Task brief:
Would you write out the entries below word for word, omitting the pictures?

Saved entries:
*** Block opens ***

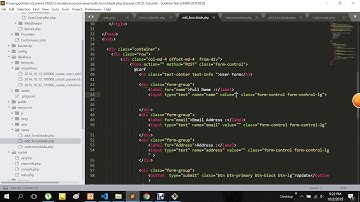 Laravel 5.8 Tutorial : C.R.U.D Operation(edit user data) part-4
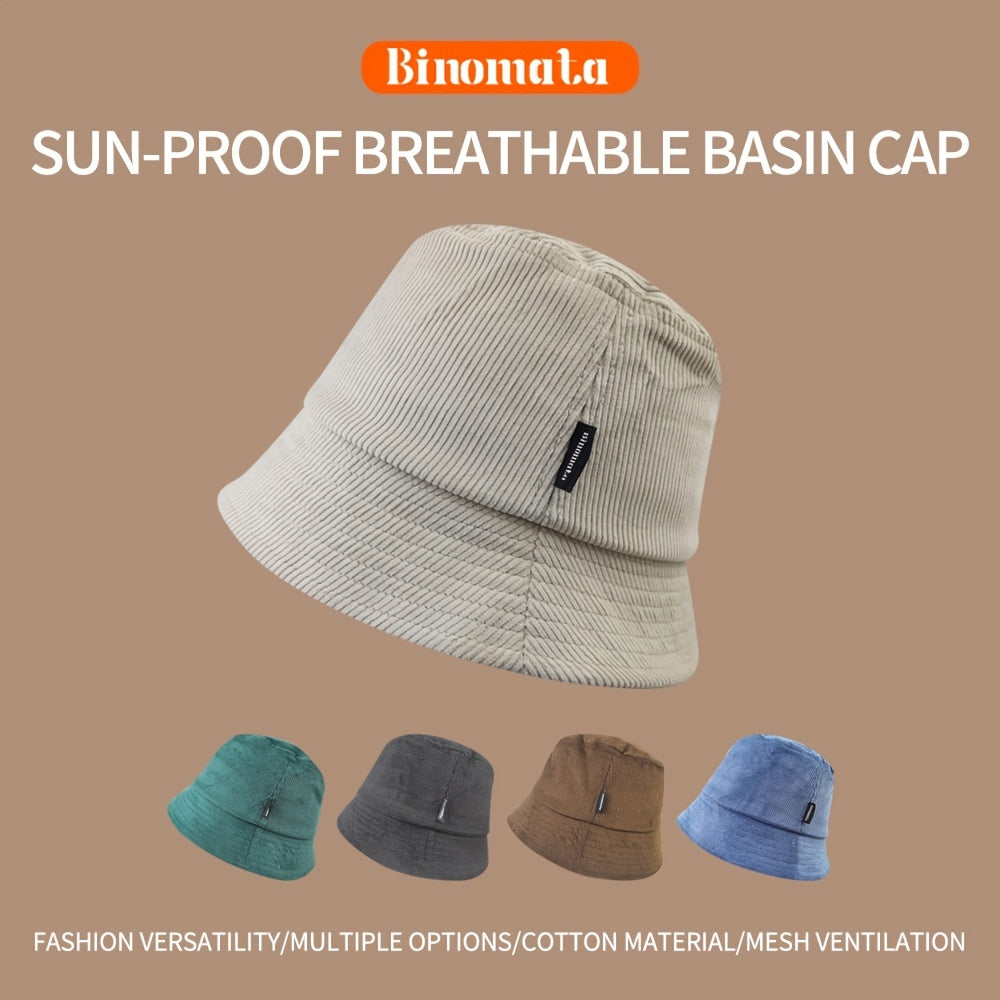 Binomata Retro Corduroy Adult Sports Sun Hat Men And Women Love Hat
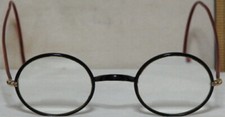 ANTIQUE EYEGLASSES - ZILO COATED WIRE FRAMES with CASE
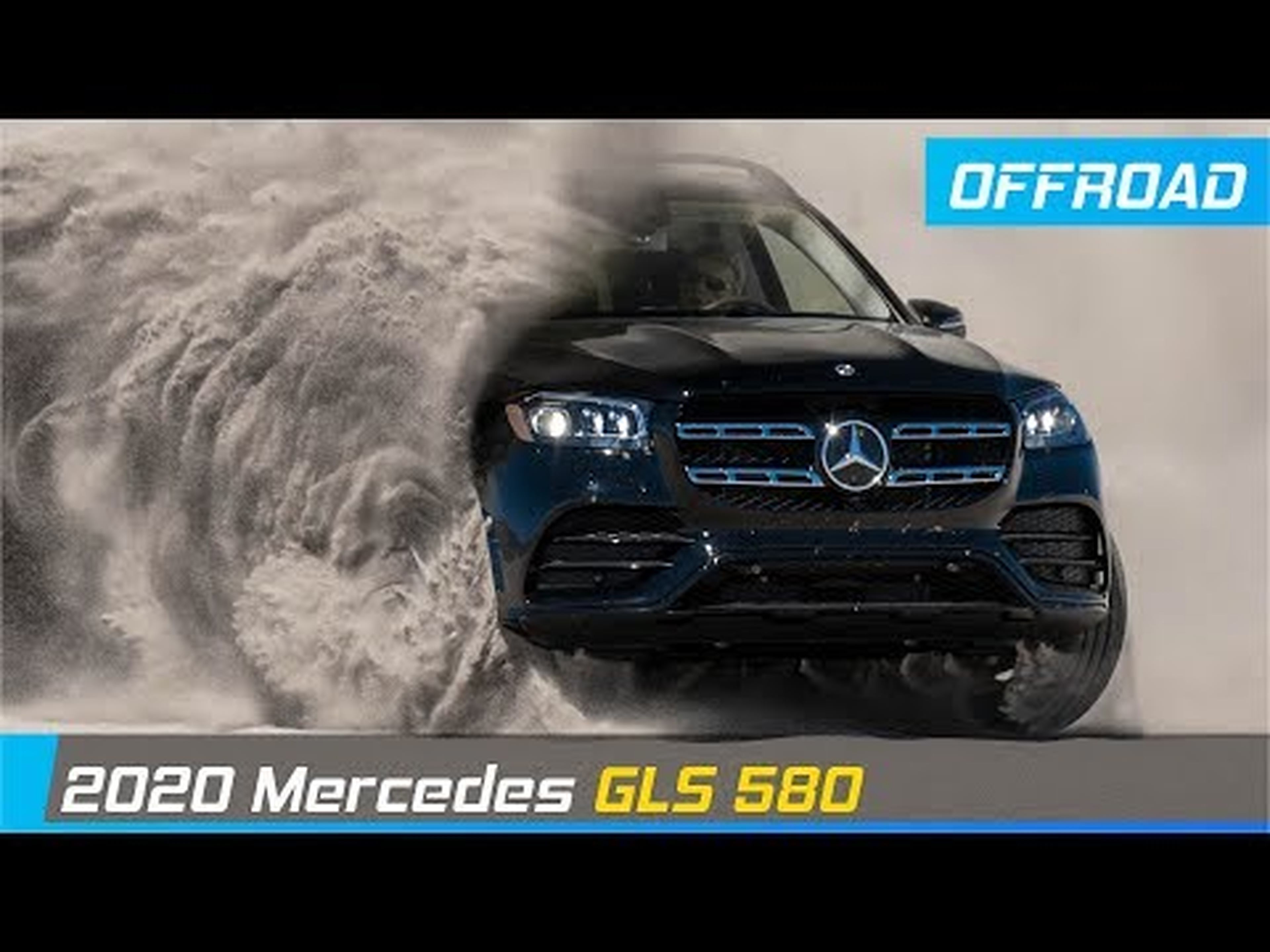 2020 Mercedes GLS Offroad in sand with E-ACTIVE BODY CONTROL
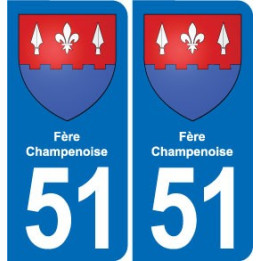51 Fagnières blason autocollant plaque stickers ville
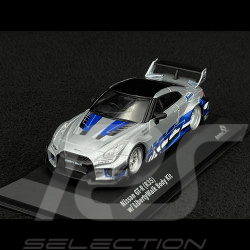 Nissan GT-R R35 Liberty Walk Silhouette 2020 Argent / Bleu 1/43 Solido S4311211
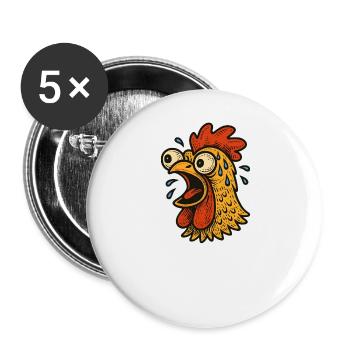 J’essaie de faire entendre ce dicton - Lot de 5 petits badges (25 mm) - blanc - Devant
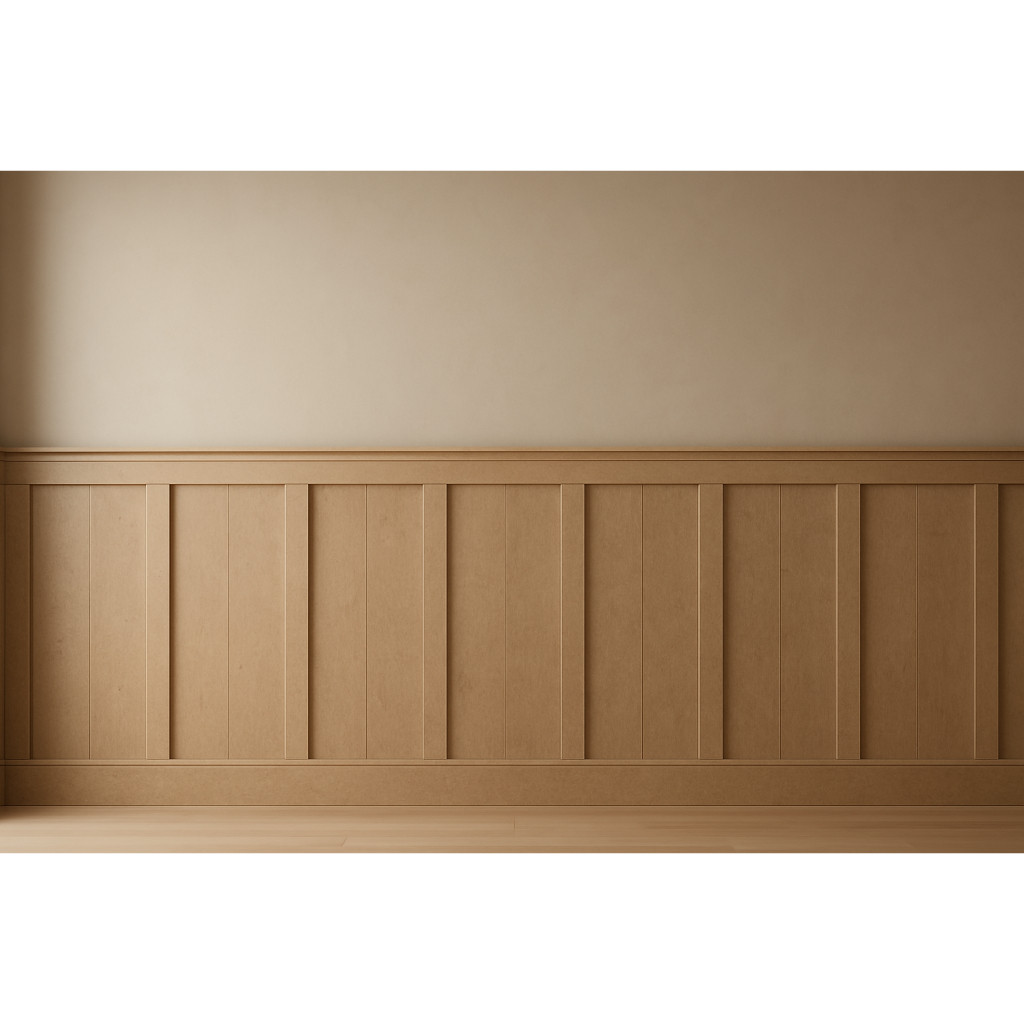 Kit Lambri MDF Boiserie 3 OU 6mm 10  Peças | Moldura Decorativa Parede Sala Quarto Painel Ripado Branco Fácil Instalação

*** Block closes ***

Exercise output:
 Laravel 5.8 Tutorial : C.R.U.D Operation(edit user data) part-4
 Binomata Retro Corduroy Adult Sports Sun Hat Men And Women Love Hat
 ANTIQUE EYEGLASSES - ZILO COATED WIRE FRAMES with CASE
 2020 Mercedes GLS Offroad in sand with E-ACTIVE BODY CONTROL
51 Fagnières blason autocollant plaque stickers ville
 Nissan GT-R R35 Liberty Walk Silhouette 2020 Argent / Bleu 1/43 Solido S4311211
 J’essaie de faire entendre ce dicton - Lot de 5 petits badges (25 mm) - blanc - Devant
 Kit Lambri MDF Boiserie 3 OU 6mm 10  Peças | Moldura Decorativa Parede Sala Quarto Painel Ripado Branco Fácil Instalação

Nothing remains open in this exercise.